Law degree from private college as good as from university, court rules
Law students who complete their studies at accredited private higher education institutions are as qualified to enter the legal profession as those from public universities.
The Pietermaritzburg high court on Friday declared that section 26(1)(a) of the Legal Practice Act was constitutionally invalid because it only allowed LLB graduates from public universities to enter the profession - and excluded students from private institutions from doing so.
The ruling, to be ratified by the Constitutional Court, is suspended for one year in order to give the department of justice and constitutional development an opportunity to change the problematic section.
The Independent Institute of Education (IIE) challenged the constitutionality of the section last year, following an inquiry by a parent of a Varsity College student to the KZN Law Society. Varsity College is a brand of the IIE, whose other brands include Vega and Rosebank College.
The society’s response was that only graduates from “universities” could be permitted to become candidate attorneys and therefore the IIE’s qualification would not be recognised for this purpose.
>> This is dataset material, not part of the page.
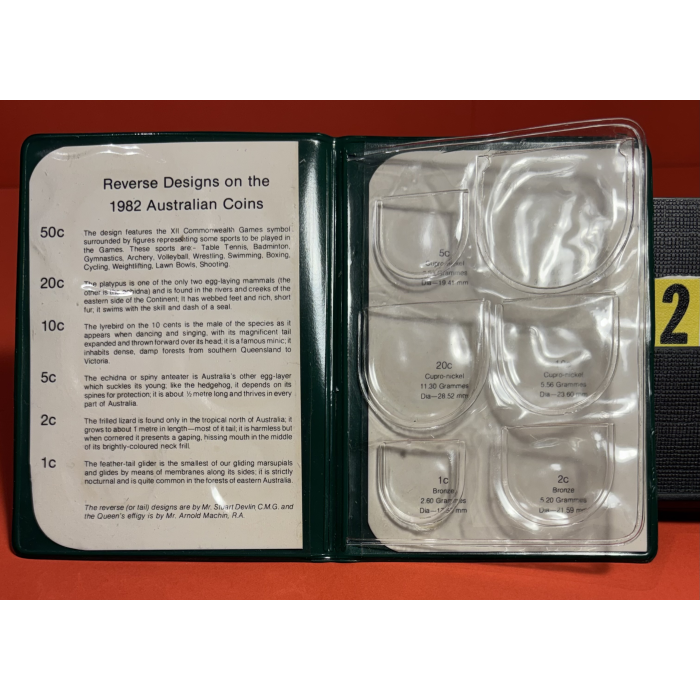 1982 Year Set - Green Wallet UNC Coins  have been transferred into 2x2s #2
Acting judge Carol Sibiya said she could not find a rational basis for differentiating between LLB graduates from public and private institutions, particularly given that the Council on Higher Education (CHE) confirmed that there was no difference in the quality and outcomes of the IIE’s four-year LLB degree and those offered by public universities.
The IIE’s LLB degree was accredited by the CHE in 2017 and offered for the first time in 2018.
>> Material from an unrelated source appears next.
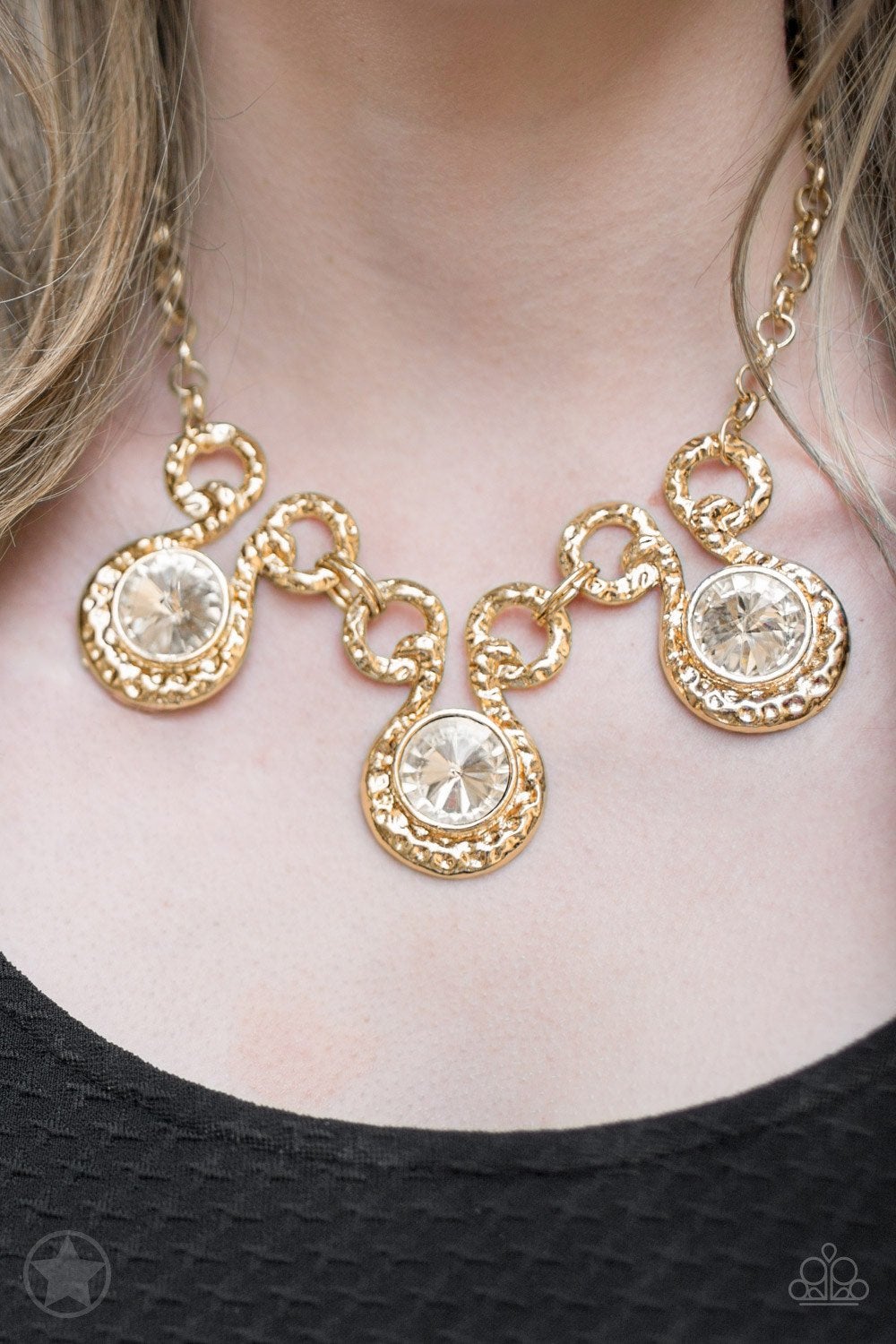 Hypnotized Gold & White Oversized Rhinestone Blockbuster Necklace Paparazzi N0106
Sibiya found that the distinction made by section 26 created an unnecessary and unjustifiable limitation to entry into the profession.
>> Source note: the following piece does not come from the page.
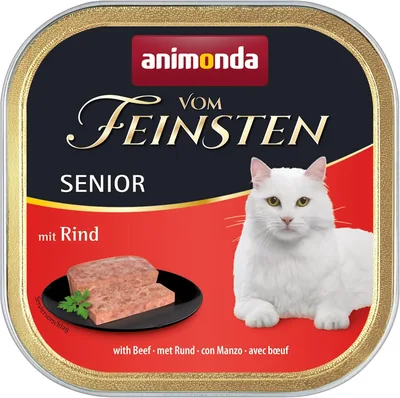Animonda vom Feinsten Senior Nassfutter met Rund voor Katte vanaf 7 jaar, 32 x 100g, Zonder Graan - Beste Deal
The judgment ends a period of anxiety for over 400 law students at the IIE. This was because of an apparent conflict between the Higher Education Act, in which degrees at private higher education institutions are deemed equivalent to those from public universities, and the Legal Practice Act, which only recognises qualifications from public institutions.
Dr Felicity Coughlan, director of the IIE, said the uncertainty that existed in the law created a great deal of unnecessary consternation for IIE students and their parents.
"The issue has its roots in the old Attorney’s Act of 1979. When the new [Legal Practice Act] was promulgated, the offending clauses were merely carried through, when the word ‘university’ ought to have been updated to read ‘higher education institution’," she said.
Coughlan said further confusion arose from the fact that while private institutions in SA were previously not allowed to be called "universities", amendments to the Higher Education Act in 2017 now permit this.